Geleceğe yönelik adımların nasıl atılacağına dair bir tarih okumasıyla iyice belirlemek ve yaklaşımları ona göre şekillendirmek gerekir kanaatini taşıyoruz.
Bundan böyle , sorunun birer parçası olan farklı etnik kökenler arasındaki mevcut çatışmaları derinleştirebilecek " ipotek" bağlamlısı güçlerin , dış güçler adına yürütmekte oldukları vekalet savaşlarını (Proxy wars) daha da dayatmacı ve gerilim yüklü ve en önemlisi gevşek zeminli siyasi kısır döngü politikalara endeksleme gayretleri salt Afrin'i değil Kuzey Suriye'yi daha da içinden çıkılmaz bir kaosa sürüklemesi ve akabinde 'külli' (top yekun) bir felaketin tezahürü kaçınılmaz sonu da beraberinde getirebilir.
Bugün topraklarından kopartılan milyonlarca insanın derme çatma kamplarda yaşadıkları sorunları da göz ardı etmemek gerekir düşüncesindeyiz.
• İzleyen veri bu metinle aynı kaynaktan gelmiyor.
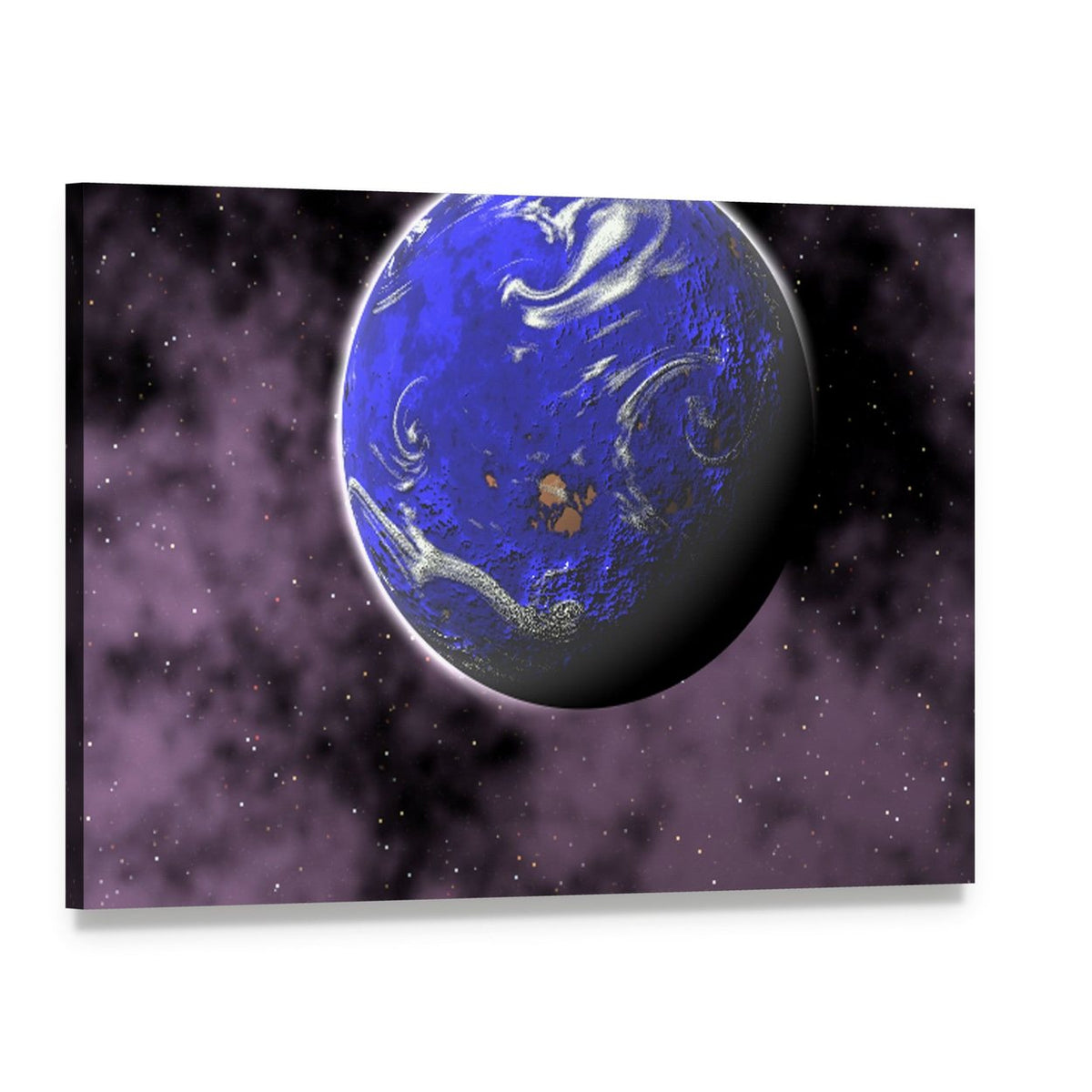 Water Planet in Deep Space Canvas Wall Art, single panel gallery wrapped canvas, angled product view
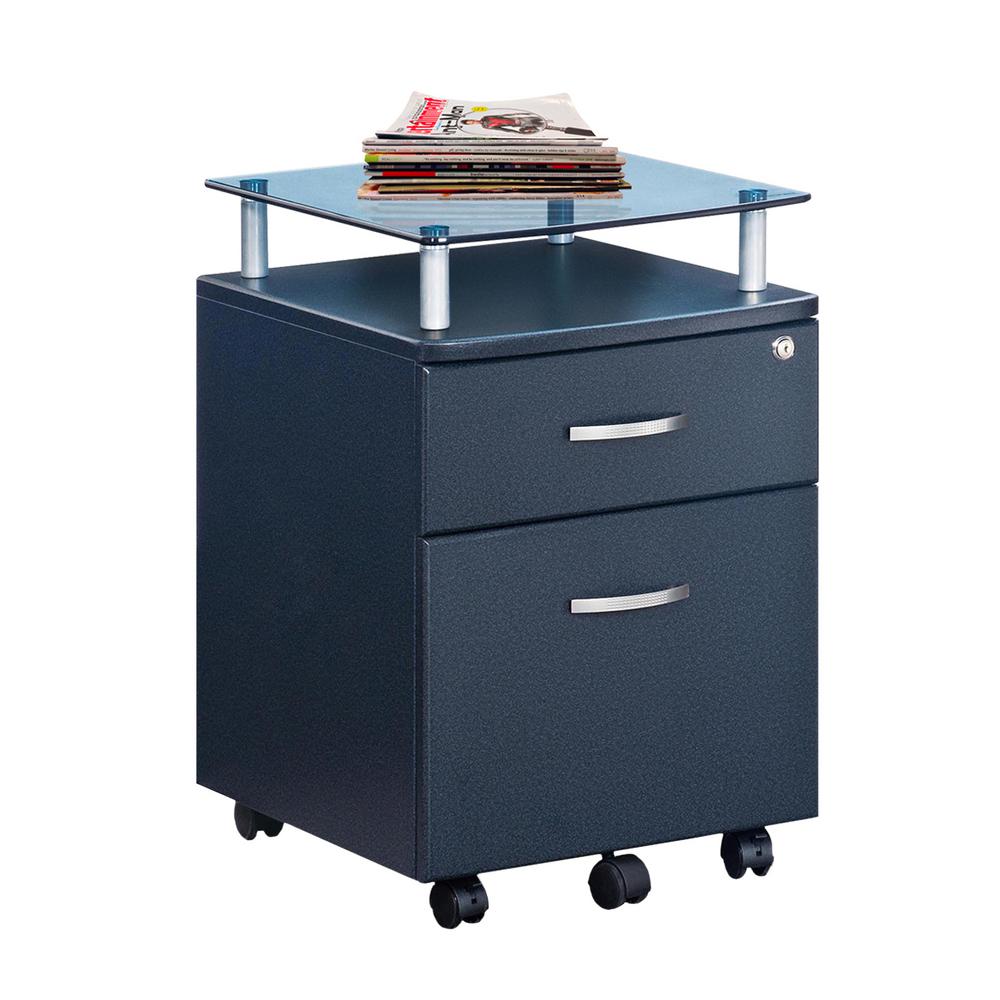 Techni Mobili Graphite Rolling File Cabinet With Gl Top Rta S06 Techni Mobili Graphite Rolling File Cabinet With Gl Top Rta S06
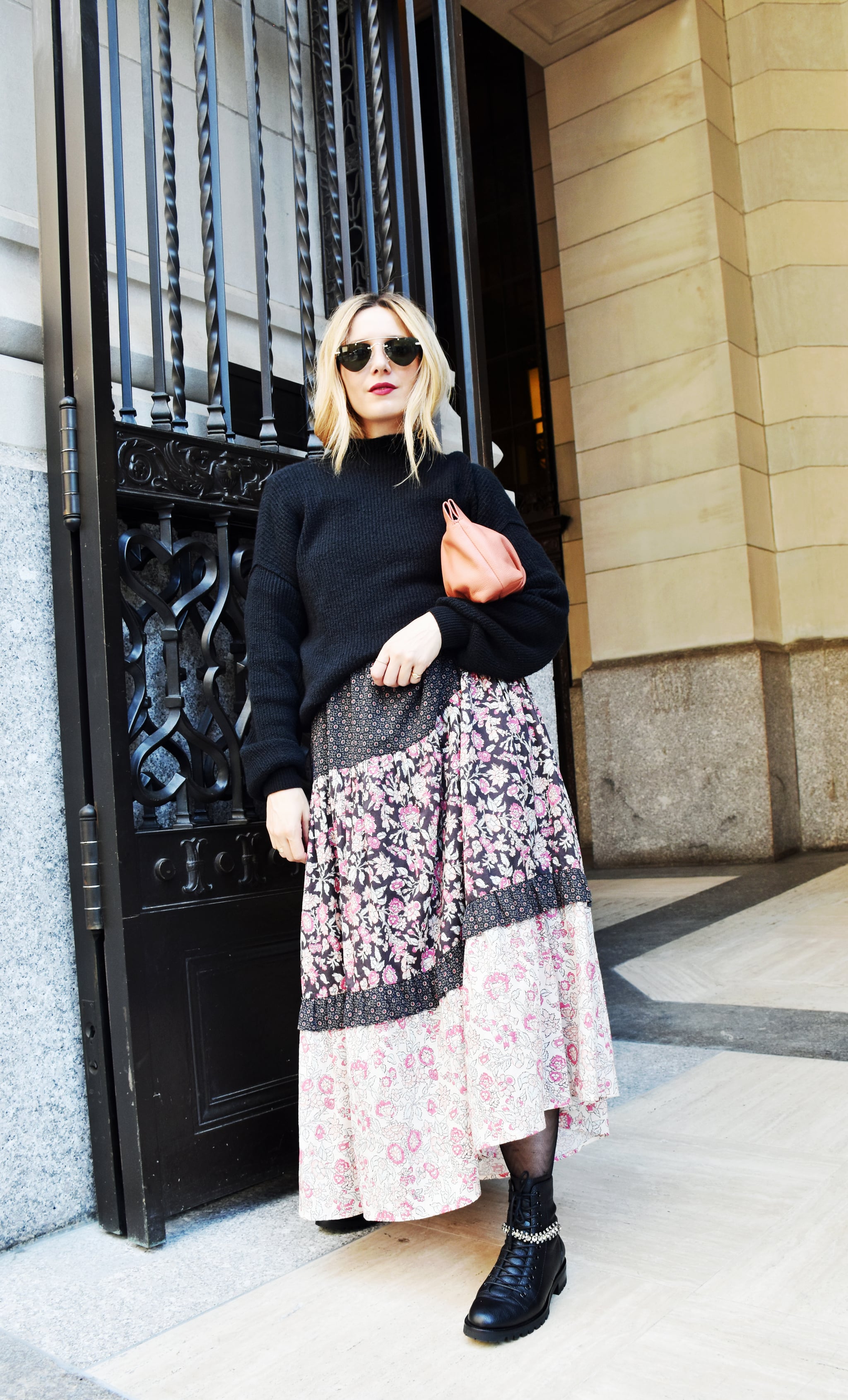 sweater dress with combat boots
Bu nedenle Afrin başta olmak üzere, tüm yerleşim alanlarının yeniden savaş öncesi konuma getirilebilmesi ne derece mümkün olabilecek acaba?
Burada asıl yapılması gereken imar ve iskandan çok yaraların nasıl kabuk tutacağı üzerinde odaklanmak gerekir düşüncesindeyiz. Bu konuda Sudan, Afganistan ve Irak, çok önemli birer örnek niteliğindedir.
Batı'nın asıl amacı, Suriye’de Müslümanı Müslümana kırdırma politikasına devam etmek ve en nihayetinde farklı etnik unsurları iyice birbirinden ayrıştırmaktır.
Birkaç gün önce Güney Sudanlı üst düzey yetkililerle sohbet ederken, Güney Sudan'ın ana gövdeden ayrılmakla neler kazanıp, neler kaybettiğini vücut dillerinden anlamak gayet mümkün idi. Çünkü Güney Sudan'da bağımsızlık sonrasında asıl kazananın İsrail olduğunu sağır sultan bile çok iyi irdeleyebilmektedir.
Bu arada çok yakın zamanda Sudan PCP Genel Başkanı Dr. Ali el Haj ile yaptığımız sohbette, dile getirdiği bir husus gayet içler acısı olsa gerek. Güney Sudan’da , bazı mahalli diller yanında asıl Arapça dilinin 'lingo franco' olmasına rağmen, şu anda İngilizcenin resmi dil olarak benimsenmesi düşündürücü olup, üzerinde önemle durulması gereken bir husustur. Dr. Ali Bey, Güney Sudan'da resmi dilin İngilizce olmasının ana gayesinin ileride Güney Sudan’ın, Kuzey Sudan ile birleşebilme umudunun önünü kesmeye yönelik olduğunu ifade ederken haklılığını ortaya koymakta idi.